**WHAT IS EXPECTED:** From the line containing "Vintage Simple Geometric" through the last line of the data, both ends included, write out every line exactly; omit the pictures.

**DATASET CONTENT:**
===

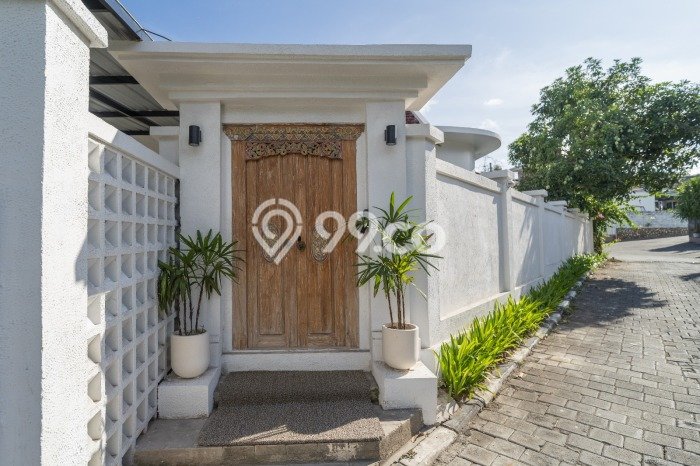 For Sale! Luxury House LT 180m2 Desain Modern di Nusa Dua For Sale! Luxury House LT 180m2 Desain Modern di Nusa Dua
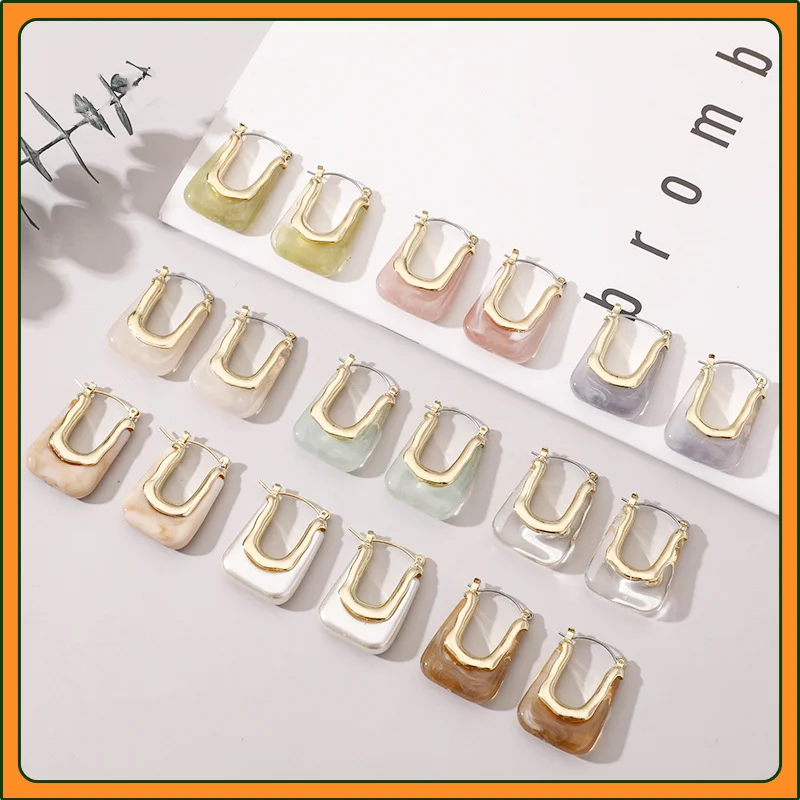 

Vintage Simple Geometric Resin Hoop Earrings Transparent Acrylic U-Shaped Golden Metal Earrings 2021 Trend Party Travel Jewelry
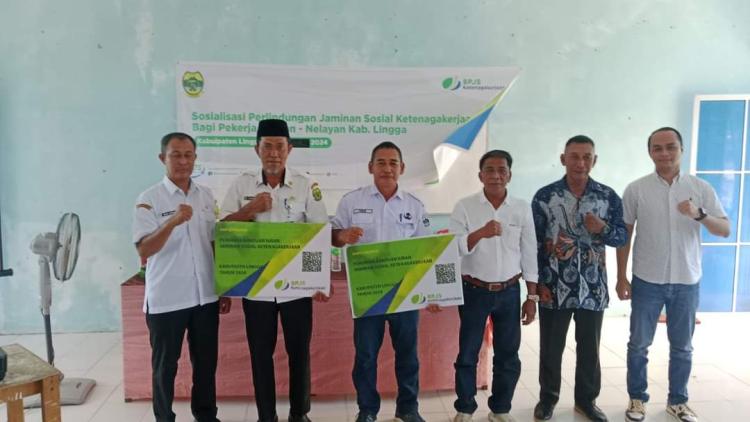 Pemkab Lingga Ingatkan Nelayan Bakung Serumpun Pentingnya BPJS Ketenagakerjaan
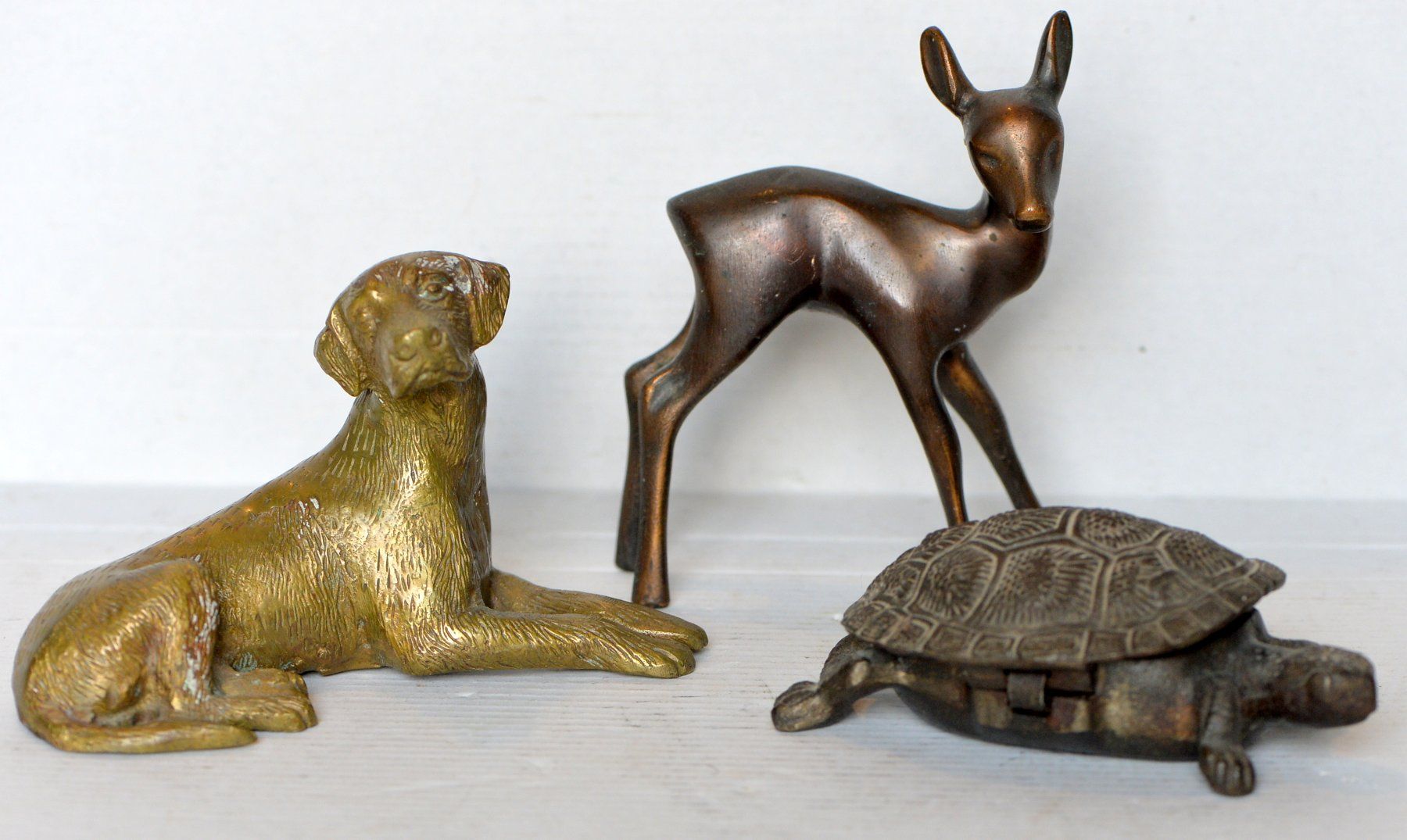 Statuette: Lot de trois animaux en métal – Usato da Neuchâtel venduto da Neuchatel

===

**ANSWER BELOW:**
Vintage Simple Geometric Resin Hoop Earrings Transparent Acrylic U-Shaped Golden Metal Earrings 2021 Trend Party Travel Jewelry
 Pemkab Lingga Ingatkan Nelayan Bakung Serumpun Pentingnya BPJS Ketenagakerjaan
 Statuette: Lot de trois animaux en métal – Usato da Neuchâtel venduto da Neuchatel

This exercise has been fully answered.